(Exercise aim) What's needed: every entry, printed exactly, minus the images.

(Given records)
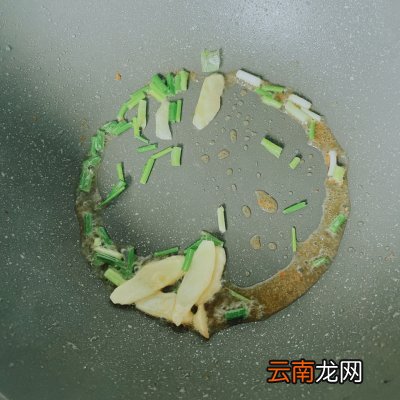一道能吃下三碗饭的神奇美食 鲳鱼的做法家常做法
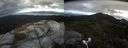 ./images/calvert/buxton2/20181019/buxton220181019_150950M.jpg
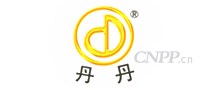 丹丹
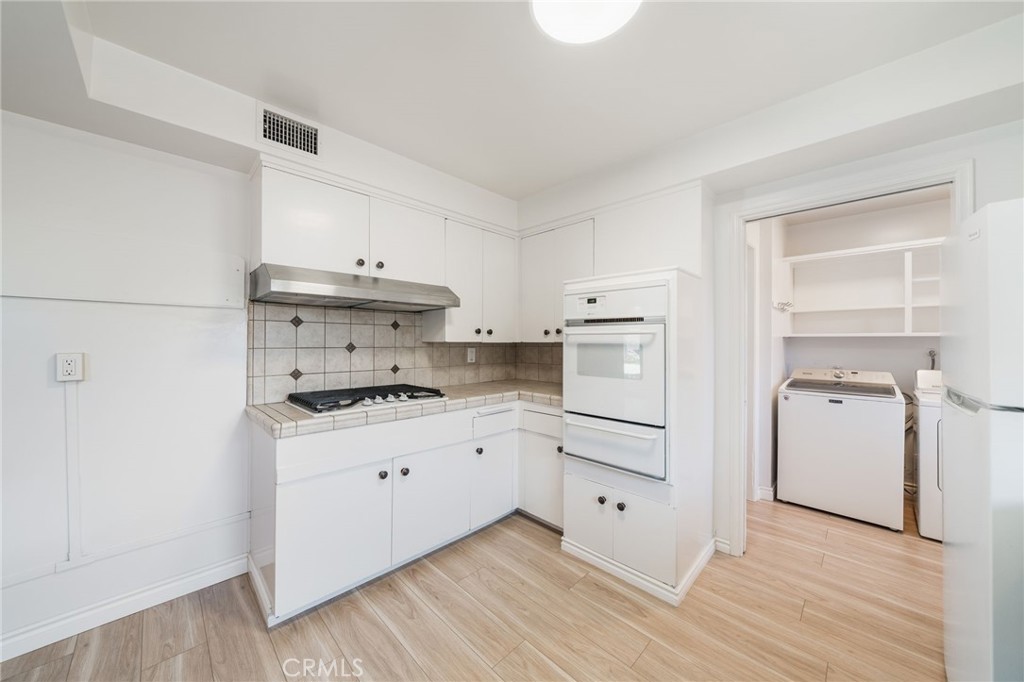 13967 Whiterock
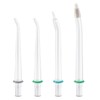 SmileGoods Cordless Water Flosser (Replacement Tips)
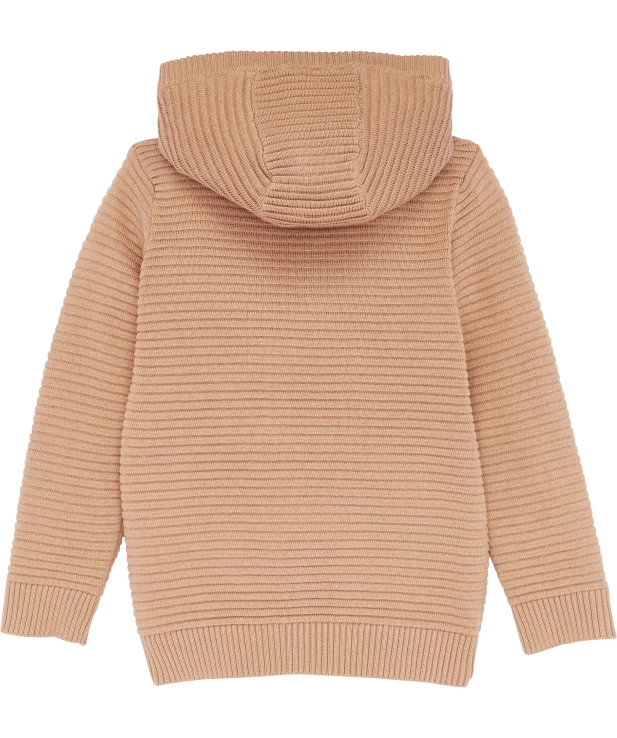 jungen-pullover-mit-kapuze-braun-1172049_2014_NB_L_EP_02.jpg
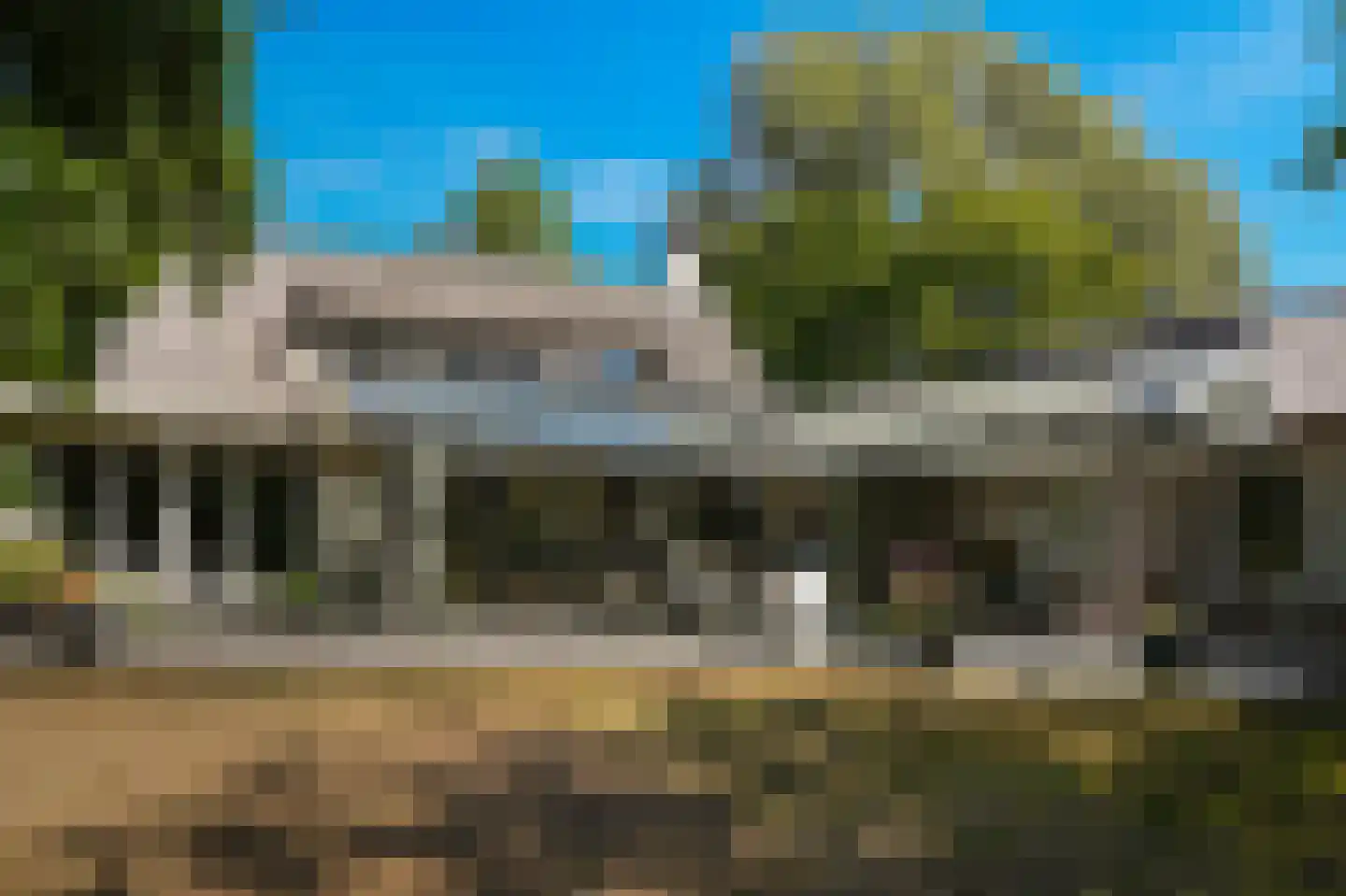 Oetelaarsestraat 4 Schijndel thumbnail 51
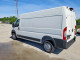 Ram PROMASTER 2500 DELIVERY VAN 2025 — Copart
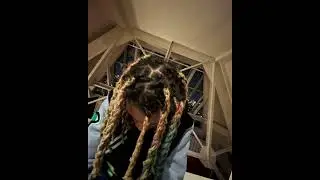 (FREE) Yung Kayo x Lil Gotit x Wheezy Type Beat 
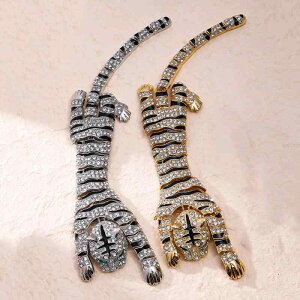 u[` jp Be[W g AeB[N   GKg CXg[ ߂ Iȍ׍H su[` RT[W `[t  p[eB[ tH[} 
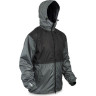 Костюм-дождевик RAPALA Ultra-Lite Rain RULRS-L
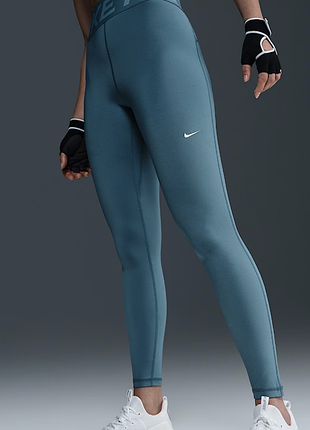 Nike pro  лосіни нові з біркою - оригінал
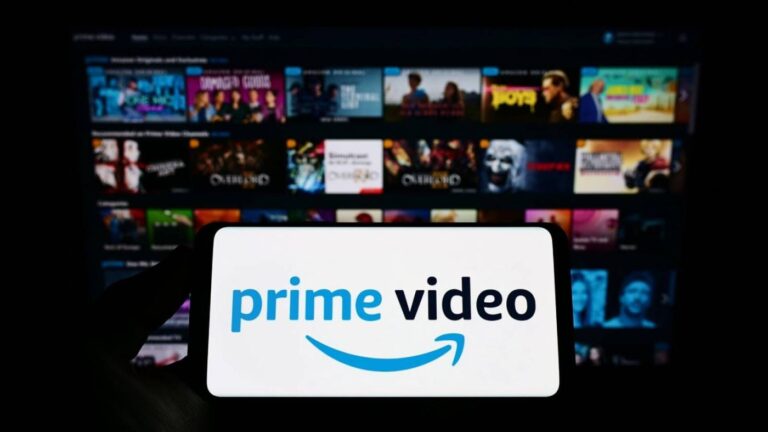 Prime Video’s 55 Title Slate Feels Hollow After This
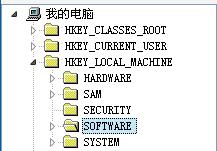 25049.0cm新奥彩40063,衡量解答解释落实_限量版98.853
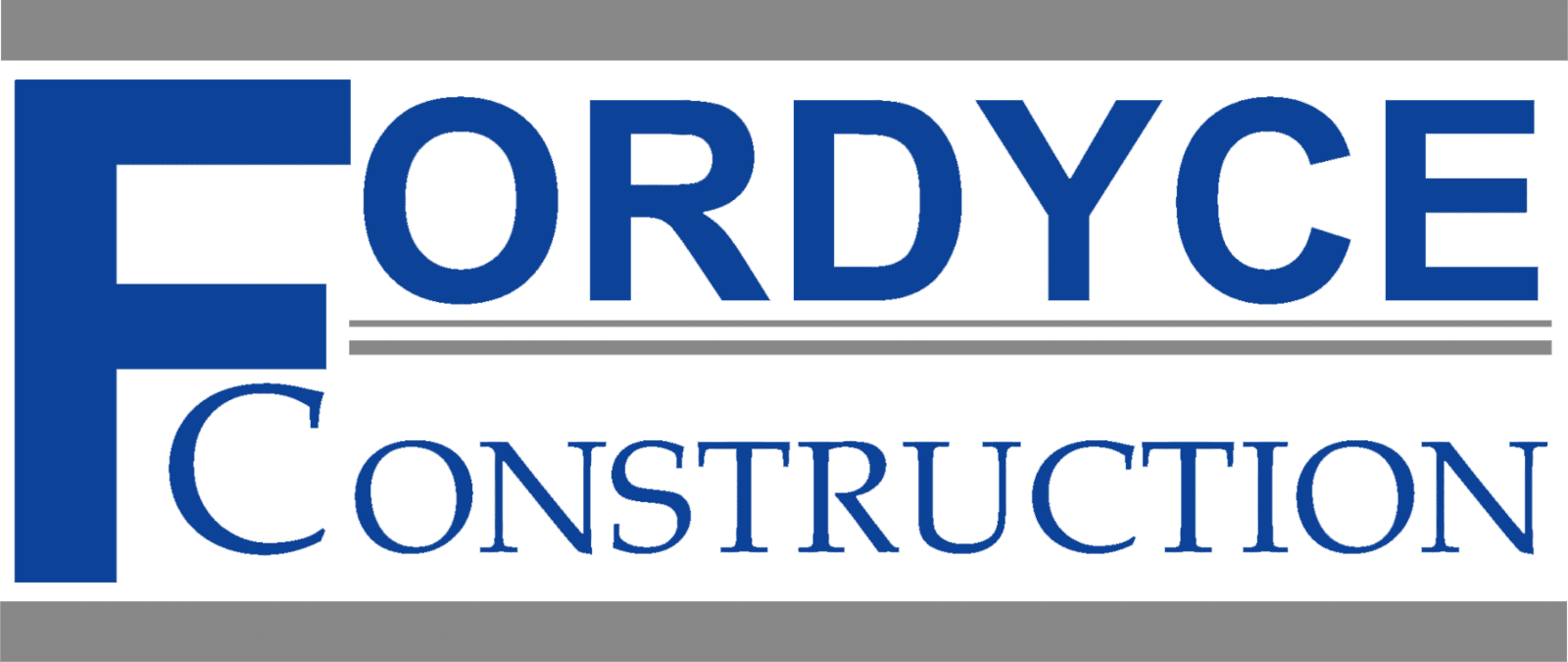 Our Clients and Projects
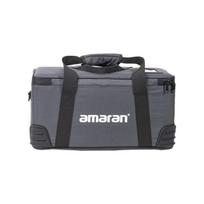 Amaran 150c & 300c Carrying Case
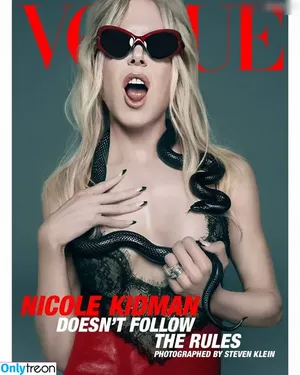 Nicole Kidman / kidmanupdates / nicolekidman nude photo #0406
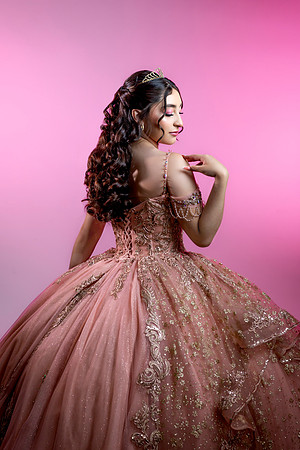 #8492 ARELY ANAHI RANGEL_FORMAL XV_SE_TOMAS CASUAL_BRYAN-7191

(Expected answer)
一道能吃下三碗饭的神奇美食 鲳鱼的做法家常做法
 ./images/calvert/buxton2/20181019/buxton220181019_150950M.jpg
 丹丹
 13967 Whiterock
 SmileGoods Cordless Water Flosser (Replacement Tips)
 jungen-pullover-mit-kapuze-braun-1172049_2014_NB_L_EP_02.jpg
 Oetelaarsestraat 4 Schijndel thumbnail 51
 Ram PROMASTER 2500 DELIVERY VAN 2025 — Copart
 (FREE) Yung Kayo x Lil Gotit x Wheezy Type Beat 
 u[` jp Be[W g AeB[N   GKg CXg[ ߂ Iȍ׍H su[` RT[W `[t  p[eB[ tH[} 
 Костюм-дождевик RAPALA Ultra-Lite Rain RULRS-L
 Nike pro  лосіни нові з біркою - оригінал
 Prime Video’s 55 Title Slate Feels Hollow After This
 25049.0cm新奥彩40063,衡量解答解释落实_限量版98.853
 Our Clients and Projects
 Amaran 150c & 300c Carrying Case
 Nicole Kidman / kidmanupdates / nicolekidman nude photo #0406
 #8492 ARELY ANAHI RANGEL_FORMAL XV_SE_TOMAS CASUAL_BRYAN-7191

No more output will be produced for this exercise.